Here is the case. I'm using a HDR jni library, which I already check and it works fine, It's not a memory lead of native memory, and it's not a jni problem. So, the problem must to be in my code:
I'm just waiting to the CaptureResult to return me a AE_CONVERGED_STATE to check if the sensor already take the correct exposure and then I call my method:
Log.performanceEnd("YUV capture");
Log.d(TAG, "[onImageAvailable] YUV capture, mBurstCount: " + mBurstCount);
Image image = imageReader.acquireNextImage();
if (mBackgroundHandler != null) {
mBackgroundHandler.post(new YuvCopy(image, mBurstCount));
}
mBurstCount++;
if (mBurstState == BURST_STATE_HDR) {
switch (mBurstCount) {
case 1:
mPreviewRequestBuilder.set(CaptureRequest.CONTROL_AE_EXPOSURE_COMPENSATION, HDR_EXPOSURE_COMPENSATION_VALUE_HIGH);
break;
case 2:
mPreviewRequestBuilder.set(CaptureRequest.CONTROL_AE_EXPOSURE_COMPENSATION, HDR_EXPOSURE_COMPENSATION_VALUE_LOW);
break;
case 3:
//Restore exposure compensation value
mCaptureCallback = mPhotoCaptureCallback;
mSettingsManager.setExposureCompensation(mPreviewRequestBuilder);
mActivity.runOnUiThread(new Runnable() {
#Override
public void run() {
onPictureCaptured();
}
});
unlockFocus();
break;
}
if (mBurstCount != 3) {
updatePreviewSession();
}
//Finish HDR session
if (mBurstCount < YUV_BURST_LIMIT) mHdrState = STATE_PICTURE_TAKEN;
}
Here is my YUV method:
/**
* Transform YUV420 to NV21 readable frames
*/
private class YuvCopy implements Runnable {
private final Image mImage;
private final int mPictureIndex;
public YuvCopy(Image image, int index) {
mImage = image;
mPictureIndex = index;
}
#Override
public void run() {
if (mImage != null) {
if (mImage.getWidth() * mImage.getHeight() > 0) {
Image.Plane[] planes = mImage.getPlanes();
long startCopy = System.currentTimeMillis();
int width = mImage.getWidth();
int height = mImage.getHeight();
int ySize = width * height;
ByteBuffer yBuffer = mImage.getPlanes()[0].getBuffer();
ByteBuffer uvBuffer = mImage.getPlanes()[1].getBuffer();
ByteBuffer vuBuffer = mImage.getPlanes()[2].getBuffer();
byte[] mData = new byte[ySize + (ySize / 2)];
yBuffer.get(mData, 0, ySize);
vuBuffer.get(mData, ySize, (ySize / 2) - 1);
mData[mData.length - 1] = uvBuffer.get(uvBuffer.capacity() - 1);
mImage.close();
mHdrCaptureArray[mPictureIndex] = mData;
Log.i(TAG, "[YuvCopy|run] Time to Copy data: " + (System.currentTimeMillis() - startCopy) + "ms");
if (mPictureIndex == YUV_BURST_LIMIT - 1) {
startHdrProcessing();
} else {
mImage.close();
}
}
}
}
I pick a total of three photos and then I call my merge method of my JNI library. I tried to comment all the jni code and it still happening, so I think that possibly the problem must to be here, in my YUV method or maybe in the Burst HDR call.

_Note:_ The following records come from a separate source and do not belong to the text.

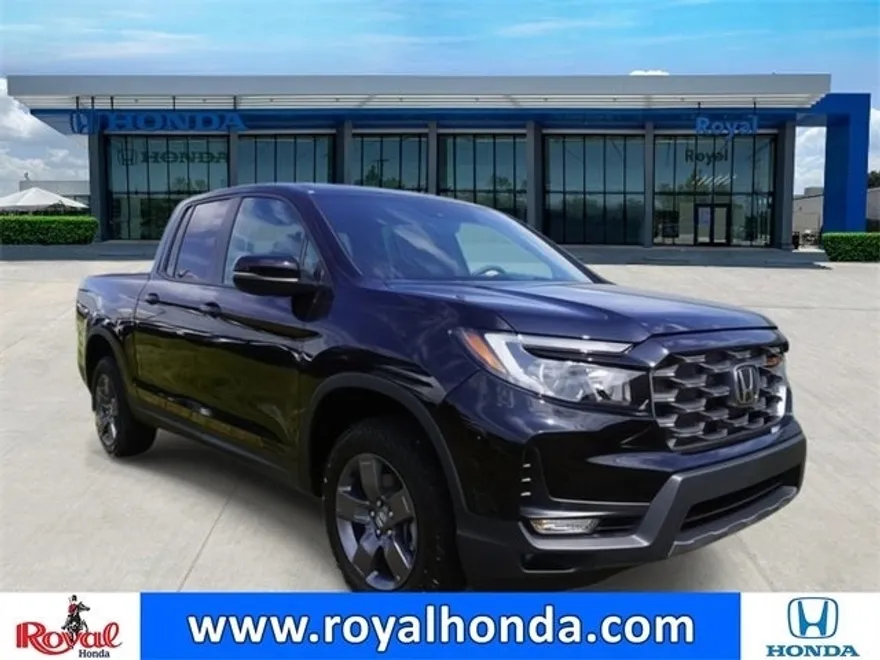 2025 Honda Ridgeline TrailSport photo 1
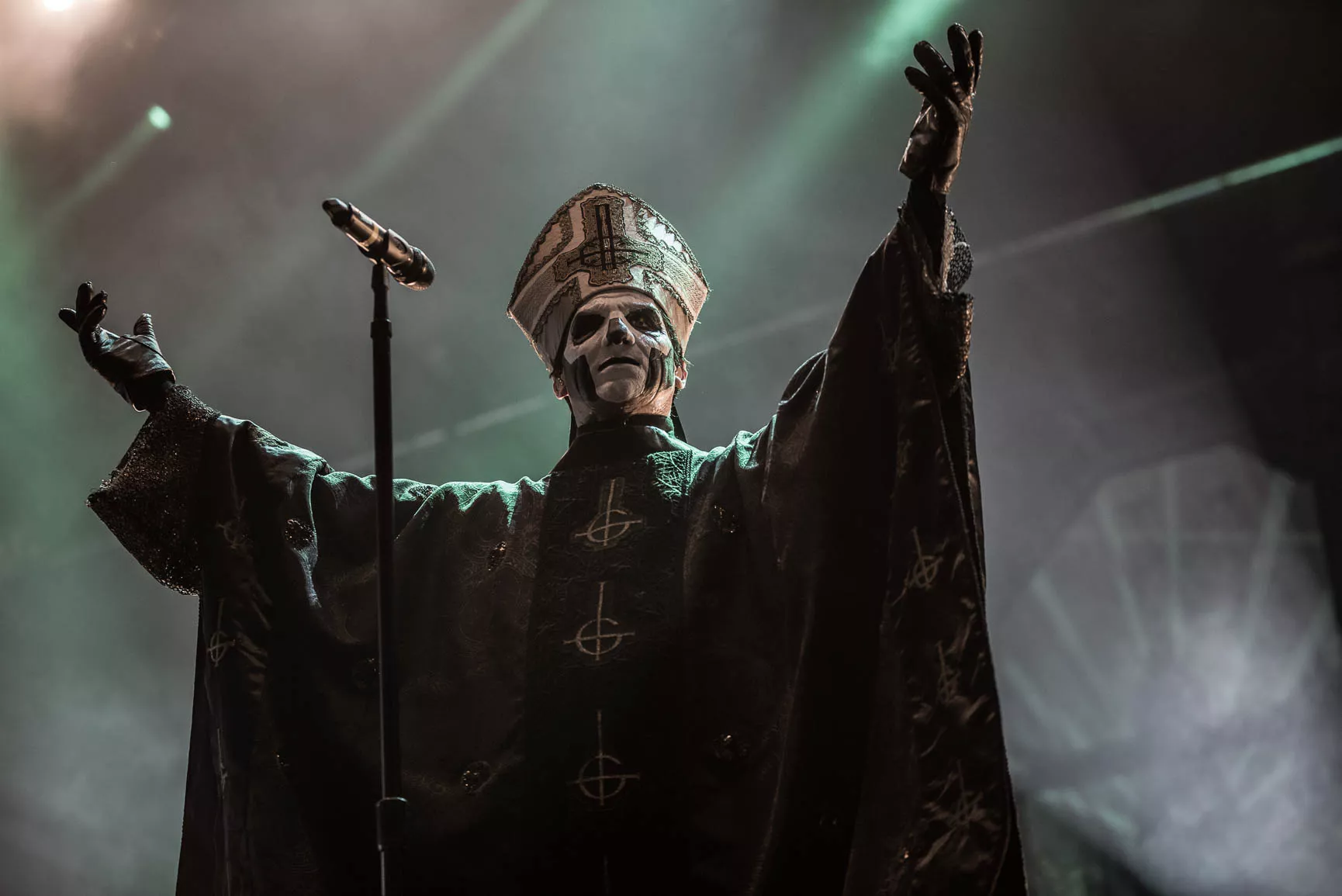 Maskinel satan-pop-messe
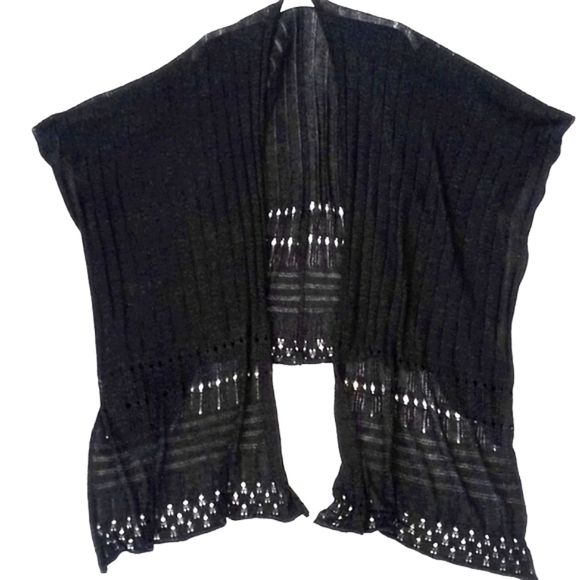 Beautiful Large Black Light Shimmery Knit Shawl w Metallic Threading Threading - Picture 3 of 16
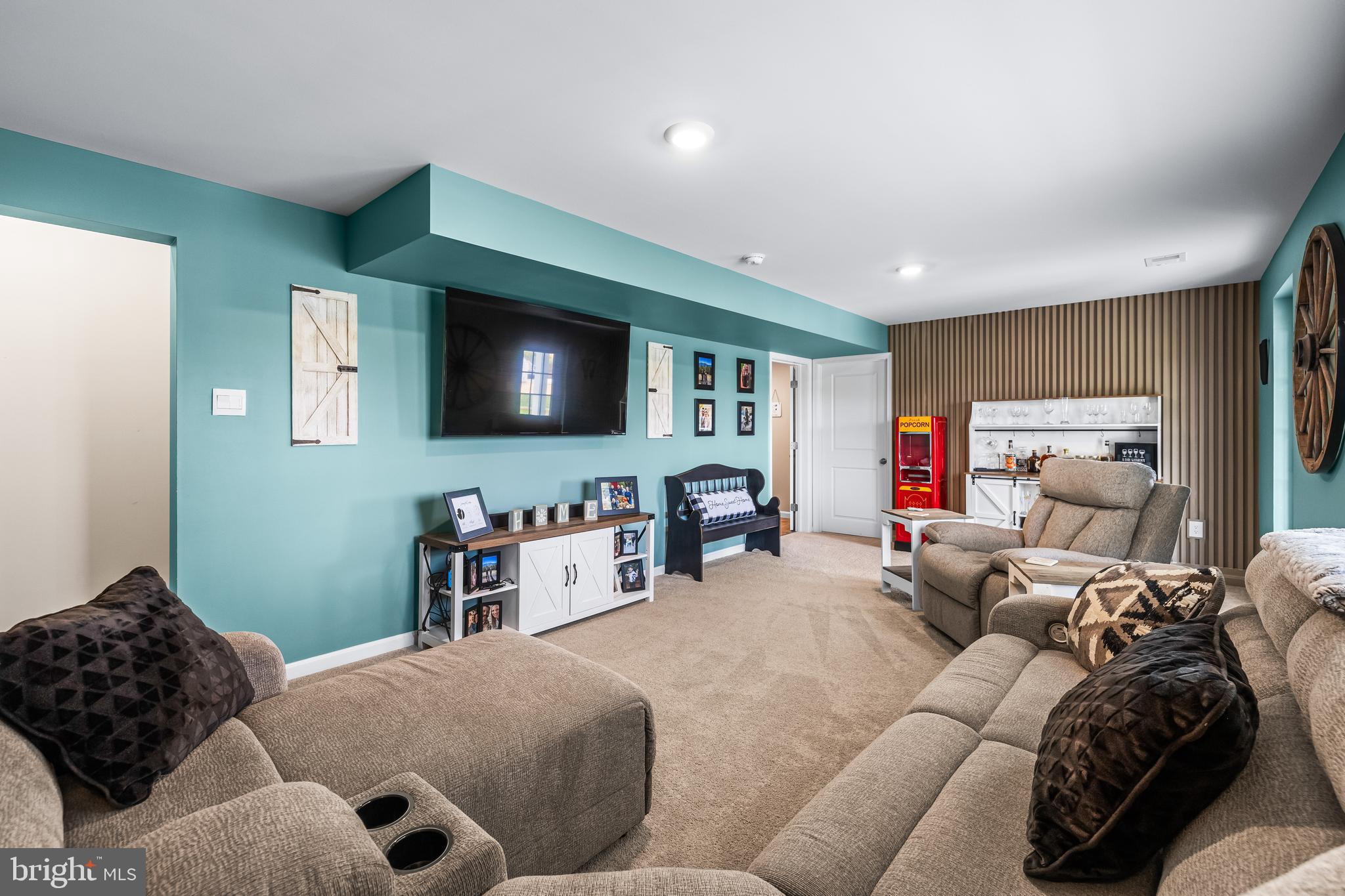 VALLEY VIEW - Residential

Finally here is my log error when it happends:
01-01 12:30:27.531 21945-21957/com.myCamera W/AudioSystem: AudioFlinger server died!
01-01 12:30:27.532 21945-22038/com.myCamera W/AudioSystem: AudioPolicyService server died!
1-01 12:30:27.903 21945-21978/com.myCamera I/CameraManagerGlobal: Connecting to camera service
01-01 12:30:27.903 21945-21978/com.myCamera E/CameraManagerGlobal: Camera service is unavailable
01-01 12:30:27.903 21945-21978/com.myCamera W/System.err: android.hardware.camera2.CameraAccessException: Camera service is currently unavailable
01-01 12:30:29.103 21945-21945/com.myCamera W/System.err: android.hardware.camera2.CameraAccessException: Process hosting the camera service has died unexpectedly
Sometimes it take just 2 photos, and sometimes 300, but in the end, it still happening. Also, a lot of times all my device is almost dead and anything work's really fine, so I need to reboot my phone.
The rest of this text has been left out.